資金稼ぎクエスト

俺達はダンジョンに来ていた。そこはゴールデンキングスライムが出現するダンジョンである。


「うわっ……なんかねちょねちょする。ブーツが。ブーツが汚れちゃったじゃない!」


 ぬかるんだ地面に足を取られ、マリサが嘆く。


「全く、誰のせいでこんなことに!」


「「「…………」」」


「ええ!! なんで皆黙るの! も、もしかしてマリサのせい!?」


 マリサは驚いていた。


 他に誰のせいだというのか。思い当たる人物がいない。ギャンブルをして大損したのはマリサだ。
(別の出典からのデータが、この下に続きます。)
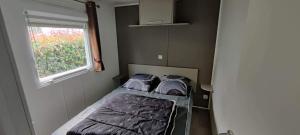 Complexes hoteliers Grand Mobil home 10 places avec 4 chambres SIBLU proche Ocean : photos des chambres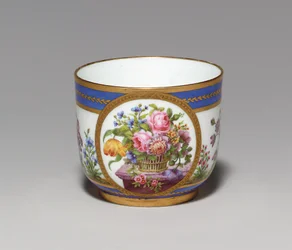 Azucarero Sevres Beau Bleu, marca del pintor para Nicquet, marca del dorador para Vande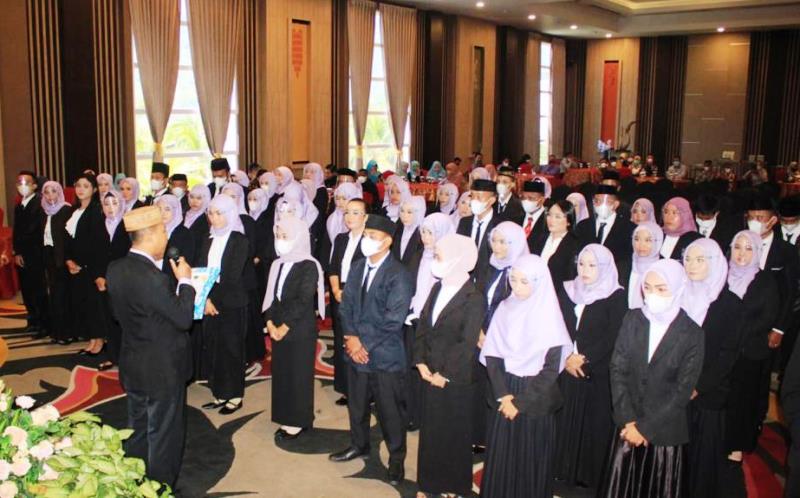 FEB UBM Gorontalo Gelar Yudisium Akhir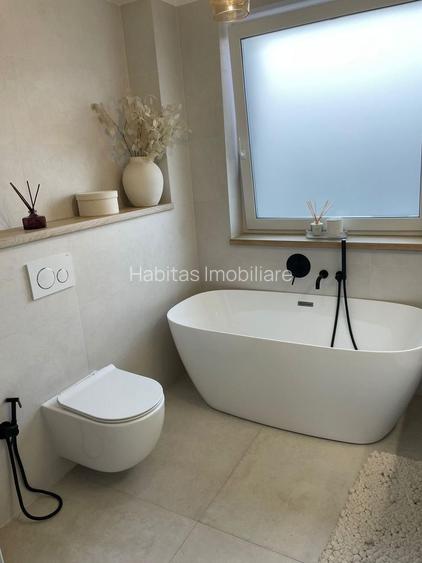 Casa finisata modern, terasa, curte, zona accesibila, Borhanci - 3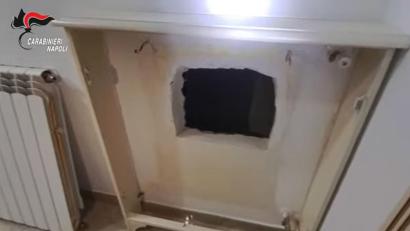 Bild: --/Carabineri Napoli/dpa
Hinter diesem Loch in der Mauer hatte der gesuchte Boss eines Camorra-Clans sein Versteck. (Handout)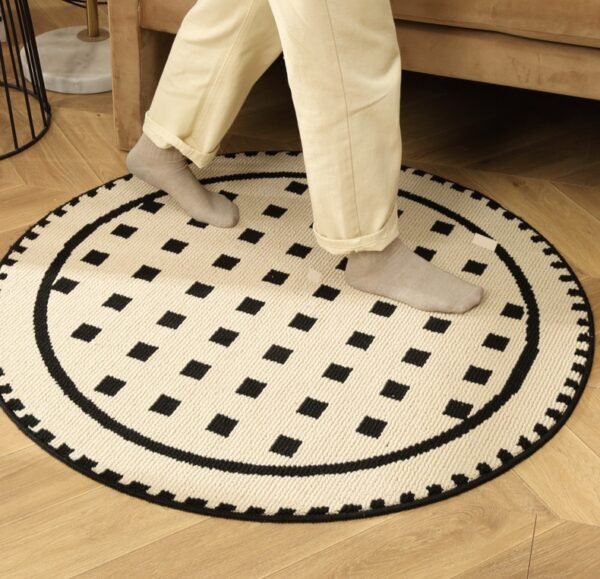 Karpet Mika 4 Warna-warni Dia 80 CM Maiika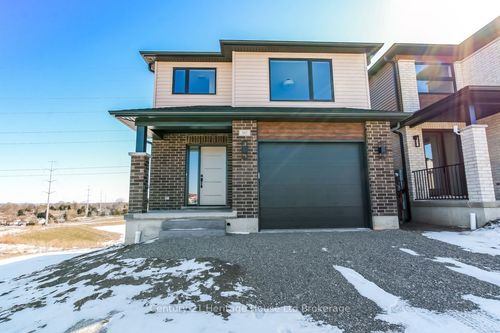 327 Anderson St, Woodstock, ON, N4S8Z6 | Card Image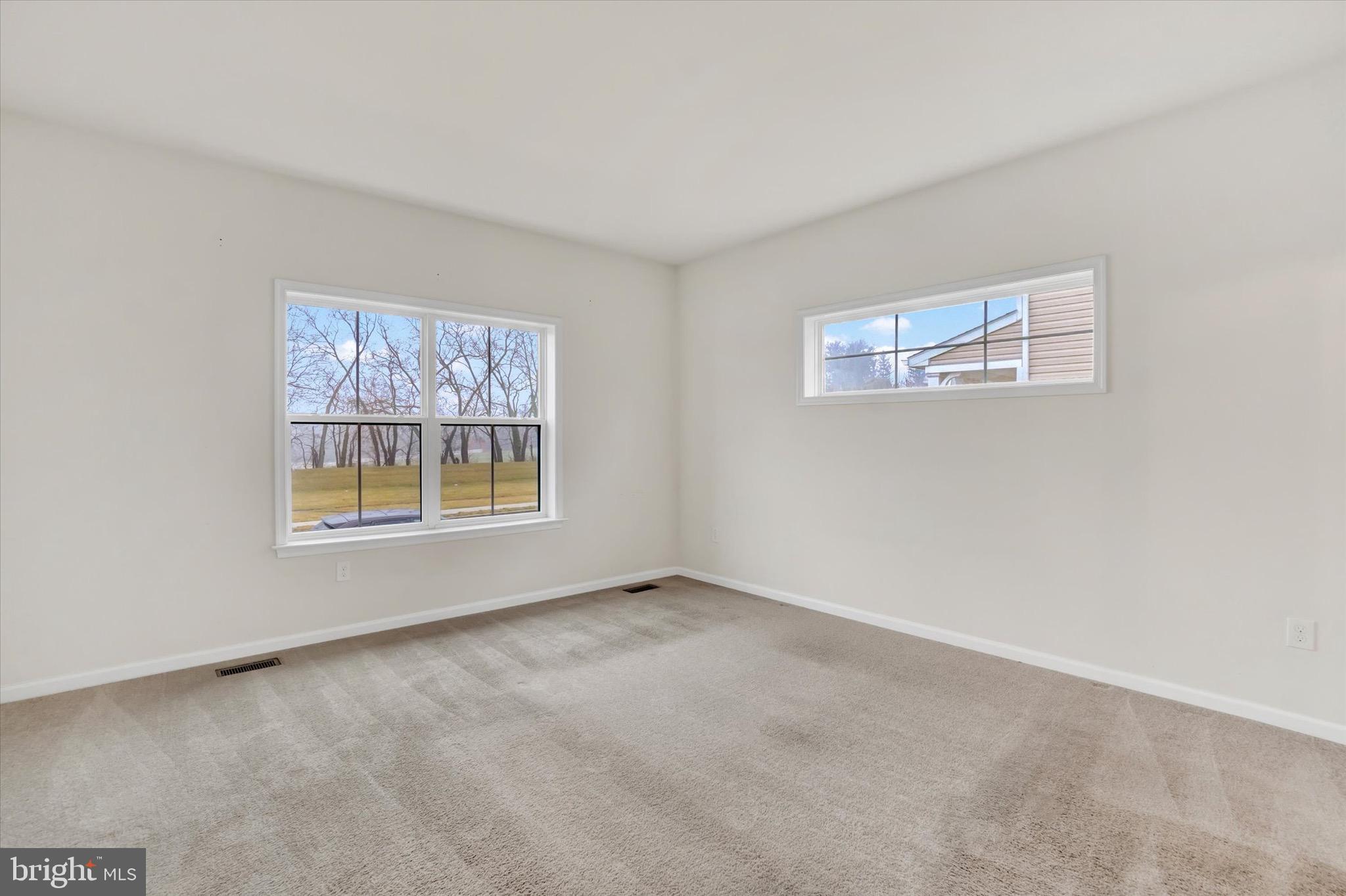 CASTLETON - Residential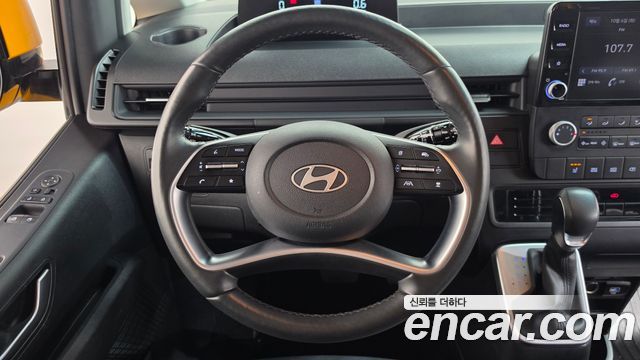 Hyundai Staria 2025 — photo 19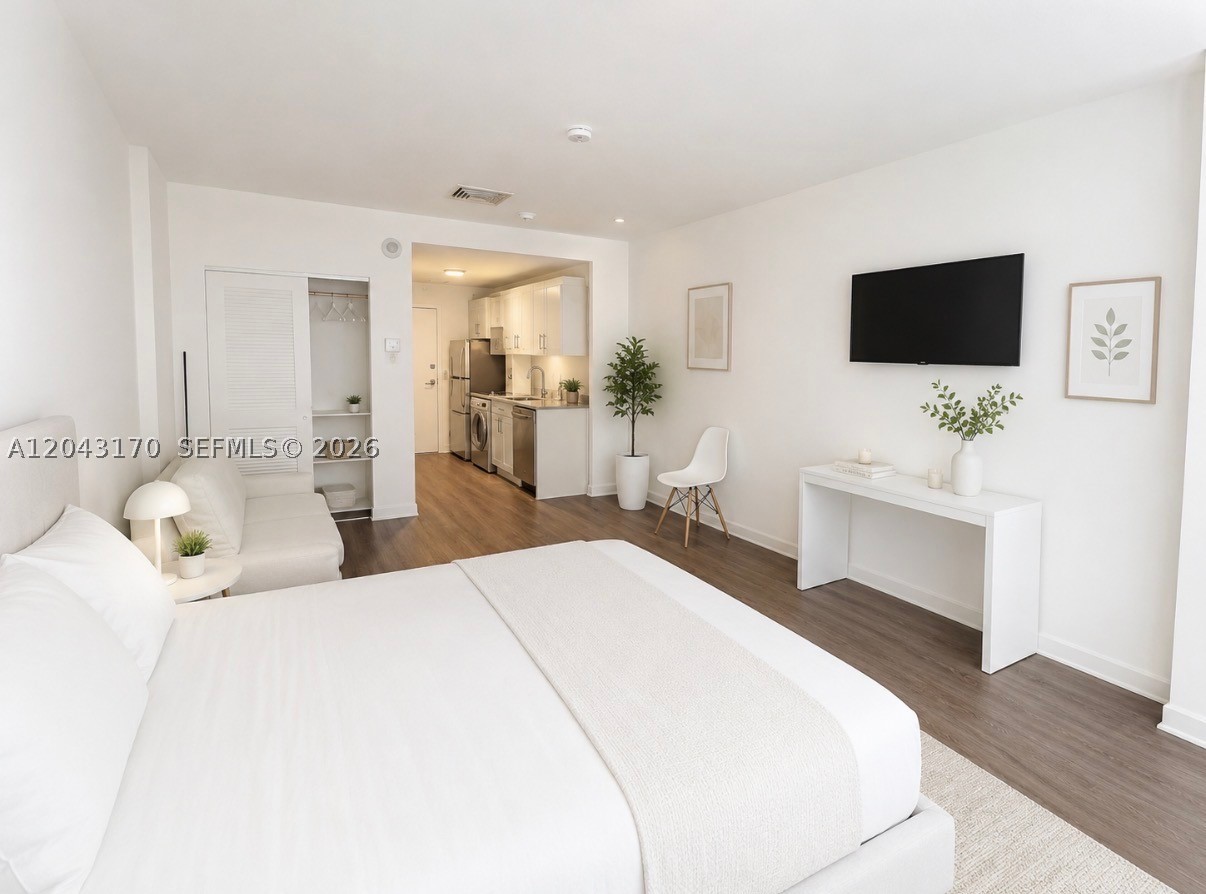 10275 Collins Ave #115, Bal Harbour FL 33154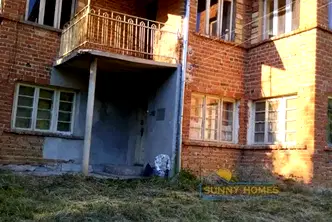 Къща във Велико Търново, с. Дрента
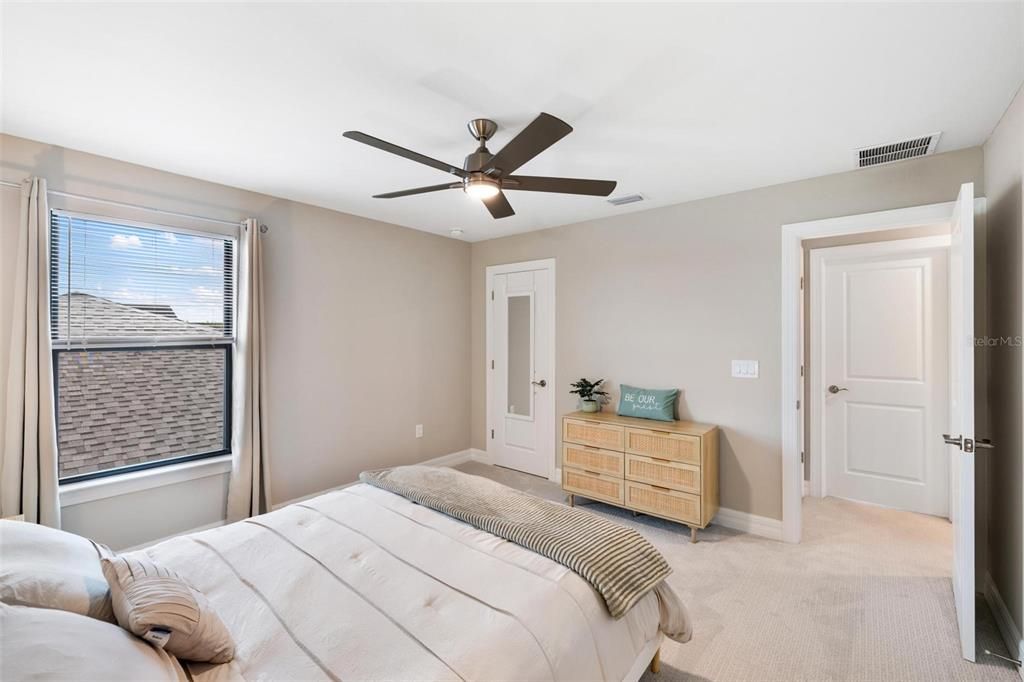 Activo con contrato: $499,900 (4 camas, 2 baños, 2910 Pies cuadrados)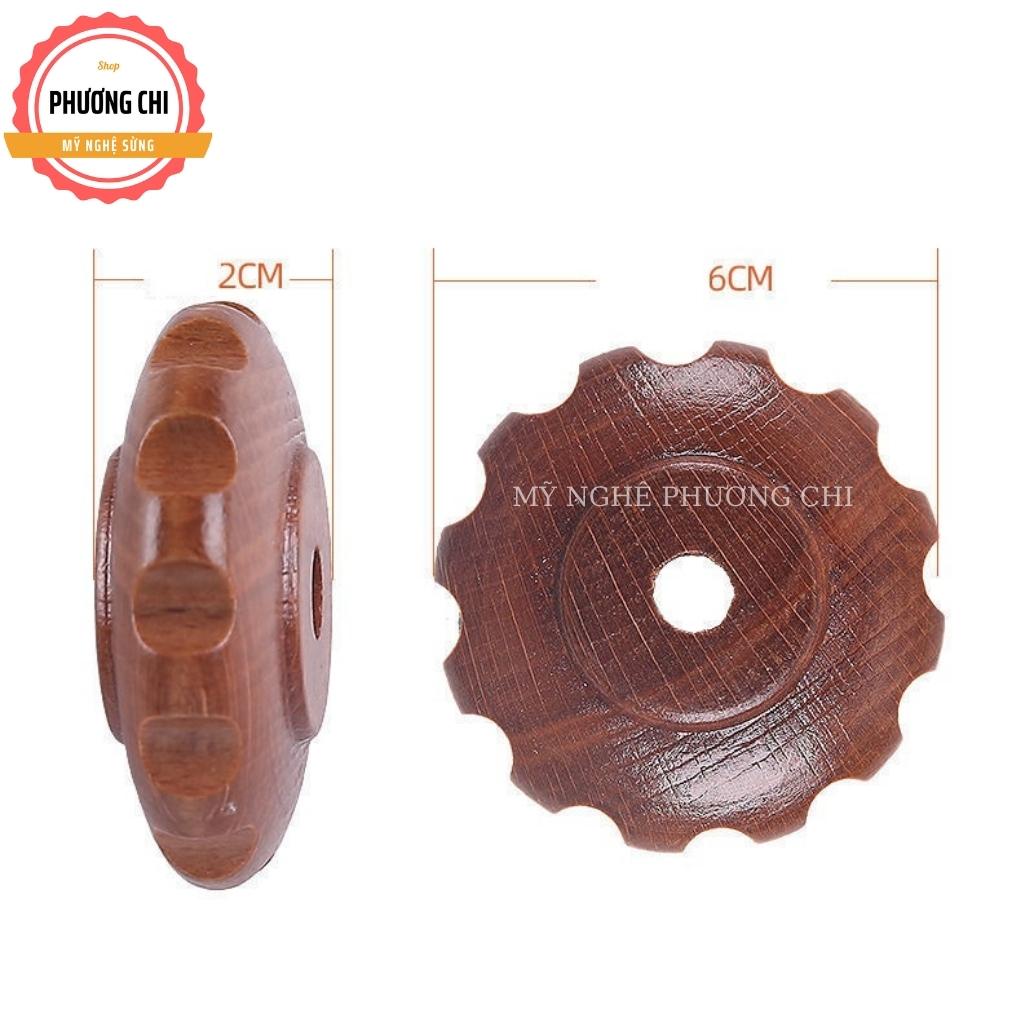Cây lăn massage toàn thân 9 bánh gai đa năng làm từ gỗ thơm tự nhiên | Mỹ nghệ phương chi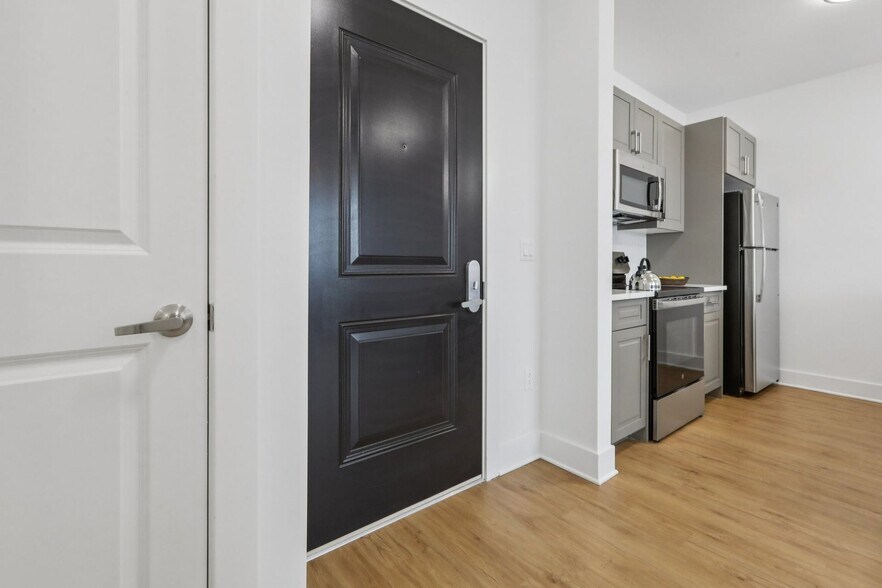 More Photos Of 110 Bergen Tpke, Little Ferry Apartments For Lease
「ねぇ! ダーリン! マリサのせいじゃないって言ってよ! マリサ悪くないよね!? ねぇ!? 悪くないって言ってよ! ねぇ!? ダーリン!!」


「ん? ……うーん。えーと。その」


「マ、マリサが悪いの!? マリサが、ううっ!」


「迷える子羊マリサよ。神に懺悔をなさい! さすればお許しになるでしょう! 神は全ての過ちを赦す寛大なお方です!」


 大神官にジョブチェンジしたアリスはそれらしき事を言っていた。


「ありがとうございます。聖母様。マリサが悪かったです。マリサは凝りました。今後一切ギャンブルには手を出しませんのでお許しください」


「はい。迷える子羊マリサよ。あなたの罪は許されました」


「聖母様」


「許されても何の解決にもなっていない」


 俺は憤った。


「それより、根本的な資金不足を解決するぞ。早速現れたようだ」


「「「ゴールデンキング! すらっーーーーーーーーーーーーーーーーーーーーー!」」」


 俺達の目の前に複数のゴールデンキングスライムが現れる。巨大なデフォルメ調のスライム。だが、金ぴかである。あれが純金製だとしたのならば大分高価なのも

頷ける。


「試しに攻撃してみろ。ちなみに物理攻撃しか効かないらしい」


「わかったわ! ていっ!」


 ユフィは剣で攻撃した。初期装備のままなので鉄の剣を今でも使っている。


 キィン! 甲高い音がする。


「きかないすらっーーーーーーーーーーーーーーーーーー!」


「人語を話せるのか。こいつ等」


「……つ、強がりじゃない? マリサ。解析魔法をかけてみてよ」


 マリサは解析魔法をかける。


「HP3000が最大で、今、HP2999ね。1減ったわ」


「ええ! たったの1!」


「マリサやアリスが殴っても減らないわよ。戦闘職じゃないもの二人とも。後衛職だし」


「仕方ない。アサシン・クリードになった俺の新スキルを見せてやる」


「ダーリン! お願い!」


「頼むわっ! シン!」


「ところで何が変わったの?」


「アサシン・クリードになった俺はスキル二刀流を修得した。両手に武器が持てる。そして、さらには」


 俺は構える。


「俺の即死スキルが強化されているんだ」


「ええ? 強化! ダーリンのスキルって最初からチートだったじゃない! どう強化されているっていうのよ!」


 マリサは驚く。


「俺の即死スキルは元々は単体攻撃だった。しかし、アサシン・クリードにジョブチェンジした事で全体攻撃が可能になるんだ――つまりは」


「たった一人で俺達あいてになにができるすらっーーーーーーーーー!」


「片腹痛いすらっーーーーーーーーーーーーーーーーーーーーーーー!」


「こういう相手を一気に殲滅できる! 即死スキル発動! 『全体即死』!」


 進化した俺の即死スキルは全体攻撃になっていた。無数の刃がゴールデンキングスライムを襲う。


「「「ゴールデンキング! すらっーーーーーーーーーーーーーーーーーーーーー!」」」


 ゴールデンキングスライムは断末魔をあげて果てた。


「終わったか」


 こうしてアサシン・クリードになった俺の初クエストは終わった。


 ◆◆◆


「皆さま! クエストクリアおめでとうございます! 報酬の金貨200枚です」


「ええ! 200枚ももらえるんですか!」


 マリサは驚いていた。


「はい。それだけの換金価値のあるモンスターですから。手数料でギルドも儲かっております」


 受付嬢は笑顔になった。


「これだけあれば……一勝負できるわね。ごくっ」


 マリサは唾を飲んだ。


「マリサ、博打はもうご法度だろう? ダンジョンで神に懺悔したよな」


「あ、当たりまえじゃない。ダーリン! 神に誓ったわよ」


「もし今度博打をしたらどうする?」


「や、やめてっ! ダーリン! マリサ、ダーリンと離婚したくないのっ! いやよ!」


「……そもそも結婚してないっていう」


 ユフィは嘆いた。


「まあいい。この金で装備を新調しに行こう」


「「「はーい」」」


 俺達四人は武器屋を目指した。